Postby mhl on Fri Aug 23, 2013 6:30 pm

Hi Todd,

Thank you ever so much for the explanations, each with the perfect level of detail. Bang on, much appreciated.

The post is to a job board API and we're sending over resumes. We're working with (classic) ASP. We did have \n------ set as part of a mime boundary - that was fixed along with another issue, which is otherwise not relevant.

You may be seeing different amounts on different files because something is padding them up to a multiple of the file's size. Look at different sized input files and compare the amounts of hyphens that show up and see if you find any pattern.

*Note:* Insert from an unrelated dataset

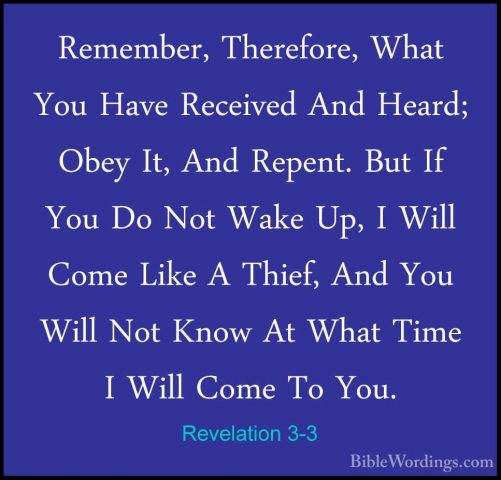 Revelation 3-3 - Remember, Therefore, What You Have Received AndRemember, Therefore, What You Have Received And Heard; Obey It, And Repent. But If You Do Not Wake Up, I Will Come Like A Thief, And You Will Not Know At What Time I Will Come To You.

It ALMOST seems like that. After fixing the mime boundary issue, we now have the seemingly random addition of null / zero padding onto the end of files. Except that the length of the padding can differ when sending across the exact same file (with the exact same code). I looked for patterns in the length of extra padding, but I couldn't see anything obvious. For example the first attempt had 14 lots of "00". Press refresh and the next send had 8. The next had 23. And so on.

The destination URL for the post is https, a friend suggested that our server recognised this and was adding the random null padding as part of the encryption. This sounds kind of unlikely, but I don't have any better suggestions.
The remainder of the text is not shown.